**Task brief**
Restate word for word the lines in the listing below, starting at the line containing "Flarelynn – Jeans" and ending at the line containing "Foto del edificio - 612 N 42nd St", both included; leave out the rest.

**Entries supplied**
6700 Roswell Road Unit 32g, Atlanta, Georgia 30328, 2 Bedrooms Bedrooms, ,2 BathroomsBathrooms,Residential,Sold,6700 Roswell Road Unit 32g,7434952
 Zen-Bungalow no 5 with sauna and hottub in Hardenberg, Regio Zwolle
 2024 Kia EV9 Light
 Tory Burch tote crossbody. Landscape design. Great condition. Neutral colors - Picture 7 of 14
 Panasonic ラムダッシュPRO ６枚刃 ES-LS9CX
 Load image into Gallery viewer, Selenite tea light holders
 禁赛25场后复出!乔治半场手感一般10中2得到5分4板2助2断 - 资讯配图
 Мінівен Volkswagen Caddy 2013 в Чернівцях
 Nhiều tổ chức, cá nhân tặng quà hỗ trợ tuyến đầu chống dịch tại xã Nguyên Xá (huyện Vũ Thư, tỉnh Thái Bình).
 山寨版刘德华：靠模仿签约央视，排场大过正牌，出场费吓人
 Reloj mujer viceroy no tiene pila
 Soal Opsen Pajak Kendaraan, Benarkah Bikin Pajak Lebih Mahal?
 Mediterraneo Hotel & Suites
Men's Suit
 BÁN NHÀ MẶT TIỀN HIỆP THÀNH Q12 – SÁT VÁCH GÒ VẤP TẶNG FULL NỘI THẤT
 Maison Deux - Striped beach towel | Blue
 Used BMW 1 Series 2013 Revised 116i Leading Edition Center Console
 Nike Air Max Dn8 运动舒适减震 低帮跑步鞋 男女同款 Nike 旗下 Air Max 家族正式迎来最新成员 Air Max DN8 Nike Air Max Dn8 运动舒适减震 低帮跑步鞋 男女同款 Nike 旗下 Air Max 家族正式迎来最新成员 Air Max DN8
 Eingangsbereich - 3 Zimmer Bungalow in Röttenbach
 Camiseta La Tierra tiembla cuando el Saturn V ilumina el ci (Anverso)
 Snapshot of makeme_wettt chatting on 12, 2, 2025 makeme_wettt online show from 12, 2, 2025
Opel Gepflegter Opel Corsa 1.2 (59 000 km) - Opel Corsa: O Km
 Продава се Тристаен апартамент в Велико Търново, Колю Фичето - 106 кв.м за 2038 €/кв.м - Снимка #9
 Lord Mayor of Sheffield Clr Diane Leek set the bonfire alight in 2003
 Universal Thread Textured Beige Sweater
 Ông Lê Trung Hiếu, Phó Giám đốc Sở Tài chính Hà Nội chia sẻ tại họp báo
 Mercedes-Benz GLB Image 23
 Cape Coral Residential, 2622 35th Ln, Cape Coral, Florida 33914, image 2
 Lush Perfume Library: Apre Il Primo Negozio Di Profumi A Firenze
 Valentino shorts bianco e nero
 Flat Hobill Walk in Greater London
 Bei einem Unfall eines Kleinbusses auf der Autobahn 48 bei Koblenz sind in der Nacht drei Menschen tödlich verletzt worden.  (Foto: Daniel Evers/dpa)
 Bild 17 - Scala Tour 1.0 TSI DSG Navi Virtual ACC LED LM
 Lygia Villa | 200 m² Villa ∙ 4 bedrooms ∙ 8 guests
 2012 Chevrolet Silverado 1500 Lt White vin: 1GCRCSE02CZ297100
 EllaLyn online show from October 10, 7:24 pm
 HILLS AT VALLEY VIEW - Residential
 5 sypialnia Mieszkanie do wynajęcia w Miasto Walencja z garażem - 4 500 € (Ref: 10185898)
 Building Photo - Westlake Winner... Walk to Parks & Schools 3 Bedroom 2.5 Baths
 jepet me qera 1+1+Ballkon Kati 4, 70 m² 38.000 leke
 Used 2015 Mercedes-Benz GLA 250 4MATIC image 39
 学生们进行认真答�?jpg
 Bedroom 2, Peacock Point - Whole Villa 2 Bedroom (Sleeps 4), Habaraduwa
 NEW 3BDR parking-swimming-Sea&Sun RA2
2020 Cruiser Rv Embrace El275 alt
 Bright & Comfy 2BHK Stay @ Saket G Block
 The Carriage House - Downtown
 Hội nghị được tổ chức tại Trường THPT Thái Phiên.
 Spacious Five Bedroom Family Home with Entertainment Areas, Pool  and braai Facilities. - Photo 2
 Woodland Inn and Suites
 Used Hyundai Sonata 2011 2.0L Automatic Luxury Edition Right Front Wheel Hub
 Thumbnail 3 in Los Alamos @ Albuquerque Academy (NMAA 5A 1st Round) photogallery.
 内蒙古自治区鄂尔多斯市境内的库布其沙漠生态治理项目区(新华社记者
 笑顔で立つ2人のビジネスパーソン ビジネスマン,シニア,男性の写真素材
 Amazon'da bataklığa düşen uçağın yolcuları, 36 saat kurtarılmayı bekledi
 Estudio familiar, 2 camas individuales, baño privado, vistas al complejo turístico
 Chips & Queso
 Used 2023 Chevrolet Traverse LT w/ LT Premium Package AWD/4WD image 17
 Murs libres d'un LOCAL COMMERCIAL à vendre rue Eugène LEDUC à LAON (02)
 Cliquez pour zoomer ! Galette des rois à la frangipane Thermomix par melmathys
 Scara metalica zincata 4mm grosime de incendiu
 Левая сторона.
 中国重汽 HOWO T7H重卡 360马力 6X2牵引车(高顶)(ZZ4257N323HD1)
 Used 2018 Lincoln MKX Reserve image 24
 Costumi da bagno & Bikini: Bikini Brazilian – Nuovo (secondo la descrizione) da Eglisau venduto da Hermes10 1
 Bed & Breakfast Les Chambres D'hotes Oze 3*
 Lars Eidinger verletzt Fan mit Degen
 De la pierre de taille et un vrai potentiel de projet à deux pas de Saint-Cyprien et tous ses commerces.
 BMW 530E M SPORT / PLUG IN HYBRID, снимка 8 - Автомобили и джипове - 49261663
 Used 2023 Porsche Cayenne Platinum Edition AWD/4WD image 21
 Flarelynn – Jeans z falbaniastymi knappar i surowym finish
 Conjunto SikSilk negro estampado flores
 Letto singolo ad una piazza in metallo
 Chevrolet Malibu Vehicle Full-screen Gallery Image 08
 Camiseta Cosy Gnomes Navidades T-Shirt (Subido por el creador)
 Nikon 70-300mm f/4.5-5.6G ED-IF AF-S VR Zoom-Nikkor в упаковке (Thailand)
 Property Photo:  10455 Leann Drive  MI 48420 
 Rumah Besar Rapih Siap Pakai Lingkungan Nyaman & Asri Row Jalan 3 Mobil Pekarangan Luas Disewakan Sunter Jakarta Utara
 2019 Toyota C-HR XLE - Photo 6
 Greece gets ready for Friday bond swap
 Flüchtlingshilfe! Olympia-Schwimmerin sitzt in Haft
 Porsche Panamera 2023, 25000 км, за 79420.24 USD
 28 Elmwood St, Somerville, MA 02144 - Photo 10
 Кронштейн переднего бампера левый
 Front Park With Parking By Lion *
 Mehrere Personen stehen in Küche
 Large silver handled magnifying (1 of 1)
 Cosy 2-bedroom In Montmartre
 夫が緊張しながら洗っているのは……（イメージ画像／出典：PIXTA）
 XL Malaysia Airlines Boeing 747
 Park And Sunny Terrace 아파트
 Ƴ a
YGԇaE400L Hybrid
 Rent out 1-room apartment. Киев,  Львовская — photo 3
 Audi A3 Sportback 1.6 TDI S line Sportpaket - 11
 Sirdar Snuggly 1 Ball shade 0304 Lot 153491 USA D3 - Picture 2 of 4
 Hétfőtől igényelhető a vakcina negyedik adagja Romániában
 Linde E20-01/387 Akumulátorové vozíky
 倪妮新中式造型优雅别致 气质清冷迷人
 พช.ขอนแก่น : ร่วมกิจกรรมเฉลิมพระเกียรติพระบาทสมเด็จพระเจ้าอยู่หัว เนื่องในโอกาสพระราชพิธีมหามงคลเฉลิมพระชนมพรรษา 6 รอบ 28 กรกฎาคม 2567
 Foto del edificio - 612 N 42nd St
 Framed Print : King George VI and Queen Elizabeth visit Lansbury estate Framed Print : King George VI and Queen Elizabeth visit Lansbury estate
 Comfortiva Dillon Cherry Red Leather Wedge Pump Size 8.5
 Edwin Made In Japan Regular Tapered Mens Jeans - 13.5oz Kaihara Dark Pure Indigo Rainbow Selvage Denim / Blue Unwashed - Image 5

**Solution to this problem**
 Flarelynn – Jeans z falbaniastymi knappar i surowym finish
 Conjunto SikSilk negro estampado flores
 Letto singolo ad una piazza in metallo
 Chevrolet Malibu Vehicle Full-screen Gallery Image 08
 Camiseta Cosy Gnomes Navidades T-Shirt (Subido por el creador)
 Nikon 70-300mm f/4.5-5.6G ED-IF AF-S VR Zoom-Nikkor в упаковке (Thailand)
 Property Photo:  10455 Leann Drive  MI 48420 
 Rumah Besar Rapih Siap Pakai Lingkungan Nyaman & Asri Row Jalan 3 Mobil Pekarangan Luas Disewakan Sunter Jakarta Utara
 2019 Toyota C-HR XLE - Photo 6
 Greece gets ready for Friday bond swap
 Flüchtlingshilfe! Olympia-Schwimmerin sitzt in Haft
 Porsche Panamera 2023, 25000 км, за 79420.24 USD
 28 Elmwood St, Somerville, MA 02144 - Photo 10
 Кронштейн переднего бампера левый
 Front Park With Parking By Lion *
 Mehrere Personen stehen in Küche
 Large silver handled magnifying (1 of 1)
 Cosy 2-bedroom In Montmartre
 夫が緊張しながら洗っているのは……（イメージ画像／出典：PIXTA）
 XL Malaysia Airlines Boeing 747
 Park And Sunny Terrace 아파트
 Ƴ a
YGԇaE400L Hybrid
 Rent out 1-room apartment. Киев,  Львовская — photo 3
 Audi A3 Sportback 1.6 TDI S line Sportpaket - 11
 Sirdar Snuggly 1 Ball shade 0304 Lot 153491 USA D3 - Picture 2 of 4
 Hétfőtől igényelhető a vakcina negyedik adagja Romániában
 Linde E20-01/387 Akumulátorové vozíky
 倪妮新中式造型优雅别致 气质清冷迷人
 พช.ขอนแก่น : ร่วมกิจกรรมเฉลิมพระเกียรติพระบาทสมเด็จพระเจ้าอยู่หัว เนื่องในโอกาสพระราชพิธีมหามงคลเฉลิมพระชนมพรรษา 6 รอบ 28 กรกฎาคม 2567
 Foto del edificio - 612 N 42nd St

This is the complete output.